In my never-ending mission to bring you good people fine food ideas, I offer my very own humble variation on that most wonderful thing of civilisation, The Pizza.
- A couple of slabs of pita bread that have been sitting on the kitchen bench for a while. Don't worry about the fuzzy green bits on them, you'll never notice.
- A fair quantity of Kraft cream cheese spread. It may be wise to sniff the jar cautiously first, as it may have been in the fridge for a while. Any curious crunchy bits in an old jar are just an added bonus.
- A jar of that pesto that's been lurking in the cupboard for so long you don't even remember buying it.
- A few olives (sliced) that you can just see lurking in the milky greenness at the bottom of the jar. Ignore the 'best before' date, they're lying.
- Some water chestnuts of dubious provenance you picked up in that funny little Asian food store a while back.
- Some sliced tinned mushrooms. If you can't find the can-opener to use normal ones, that jar of marinated mushrooms you bought last year will do.
- A handful of chopped strips of bacon you managed to prise out of the frozen tundra in the freezer.
- Grated cheese. Of course. I prefer Watsonia fully matured, as you don't notice such a change in taste as it gets older that you get with lighter cheeses.
- Dried diced onion and garlic granules. Naturally.
- Lovingly spread a generous quantity of cream cheese on each pita bread base. You may have to heat the jar to do this, but don't overdo it, or things get soggy.
- Smear great dobs of pesto onto this. Liberally sprinkle diced onion and garlic granules onto this.
- Bung the various other ingredients carefully onto the first base. Get cheesed off with how long it takes on the second base and just throw them on any old way, so that this one looks like a roadkill pizza. (Never mind, it'll look worse in your stomach.)
- Add the cheese last, grating it directly onto the pizza. Wonder briefly if the blood from your grated fingers will affect the taste.
- Try unsuccessfully to light gas oven for a while. Realise that the igniter must be broken, and get out a box of matches instead.
- Shakingly brush the burnt hair from the back of your hands and reflect on the fragility of life at this near-death experience of an oven full of gas going 'whoomph' in your face.
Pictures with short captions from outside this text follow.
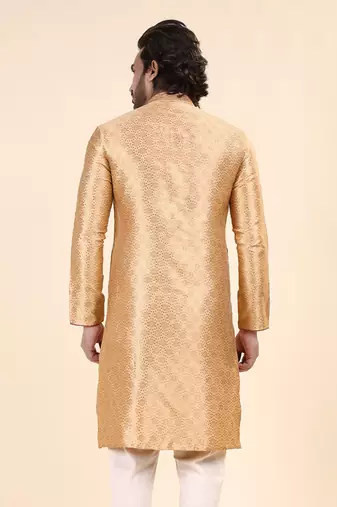 Mens art silk woven design with lace and printex kurta gold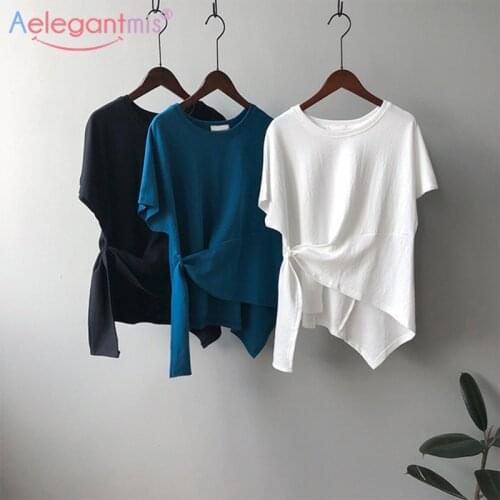 Aelegantmis Bandage Irregular Short Women Solid Loose O Neck T Shirts Female Casual Korean 3 Colors Short Sleeve Tops Summer New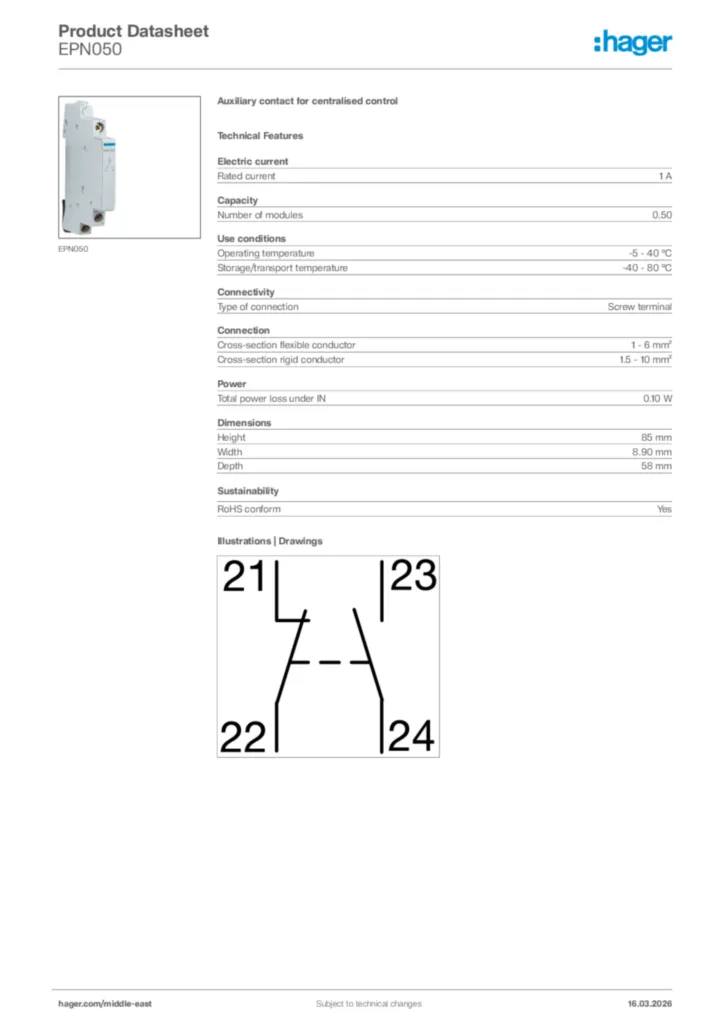 Image Hager Product data sheet EPN050  | Hager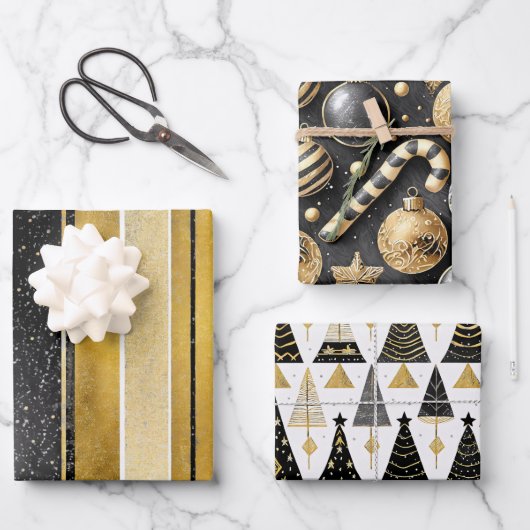 Black Gold Weihnachtsmuster #12#24#27 ID1009 Geschenkpapier Set (Vorderseite)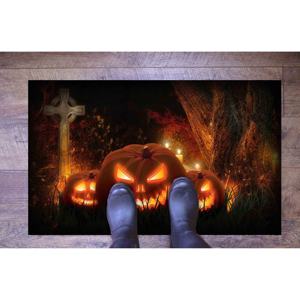 Black and Orange Printed <b>Rug</b>, Anti-Slip, Modern Home Decor, Halloween Theme,<b>Chenille</b> <b>Rug</b> - Product Image 1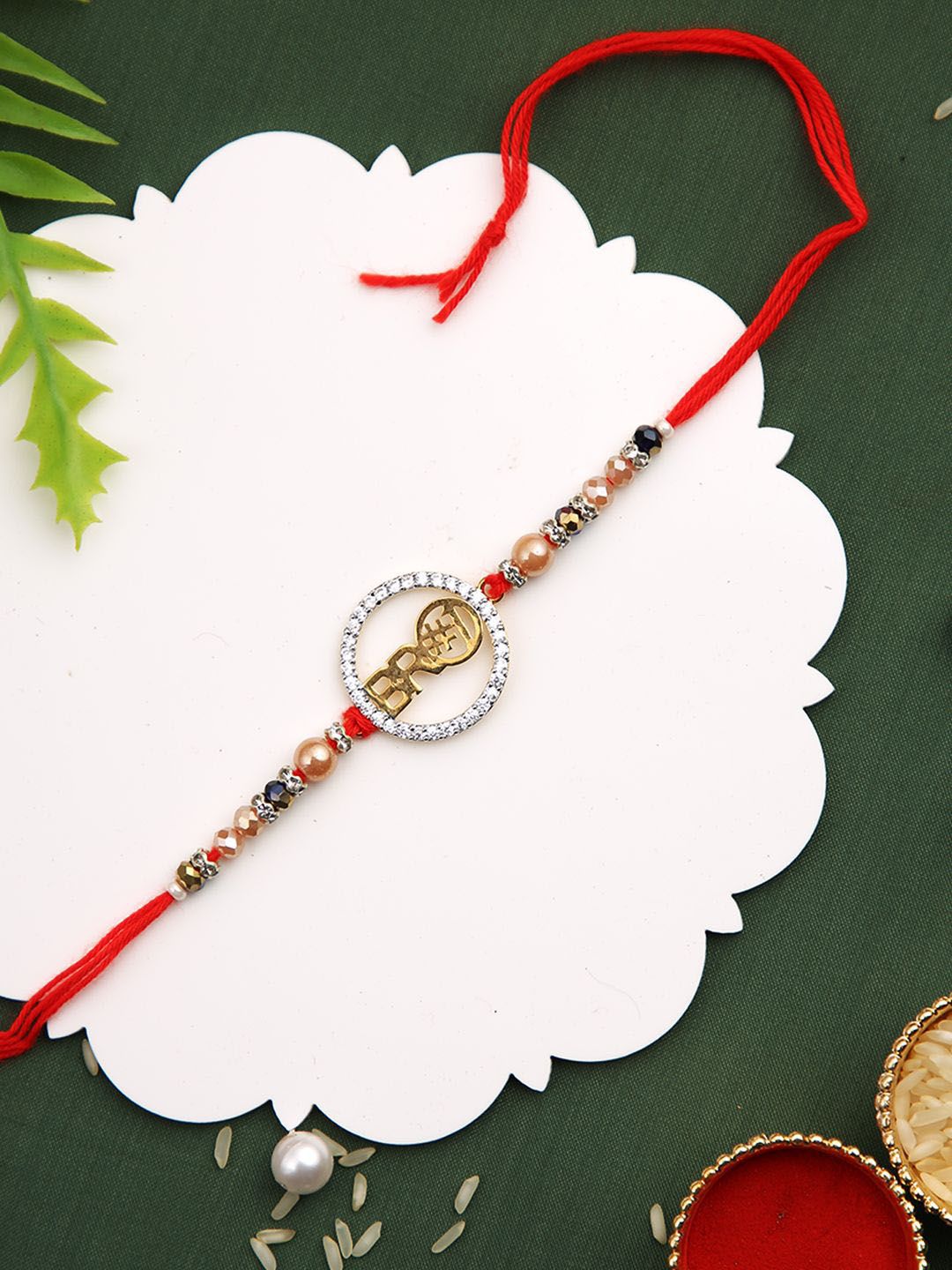 Dhiyona Red Stone Studded & Beaded Thread Rakhi With Roli Chawal & Greeting Card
- Place pizzas in oven. No idea of the time or temperature - a visual check to ascertain cheese-meltage should be sufficient. (NOTE: It is strongly recommended that you use a baking tray. Pizza ingredients that drip off your pizza onto the bottom of the oven, where they tend to burn a little bit will not taste very good.)
- Take pizzas out of oven with hands. Place on a plate, screaming pained obscenities as you do so. Grab cold beer out of fridge to soothe burned fingers. Place contents of beer can down throat to soothe burned hands, and various other existential ills.
- Eat, periodically adding more beer to mouth to soothe discomfort of roof of mouth, which appears to be shedding skin.
A robust meal, not for the faint-hearted gourmand. Care must be taken in the level of cheese spread applied, or you may find your pizza best served in a bowl with a spoon. Best accompanied by beer to drown the nagging thought that perhaps a pizza should not quite taste like this.
As you awake in a cold sweat later that night after dreaming of being chased by giant machette-weilding enchiladas while trying to sing show tunes and wearing a stuffed-potato jacket, reflect that possibly the Italians had it right the first time, and that pizza recipes should not be meddled with.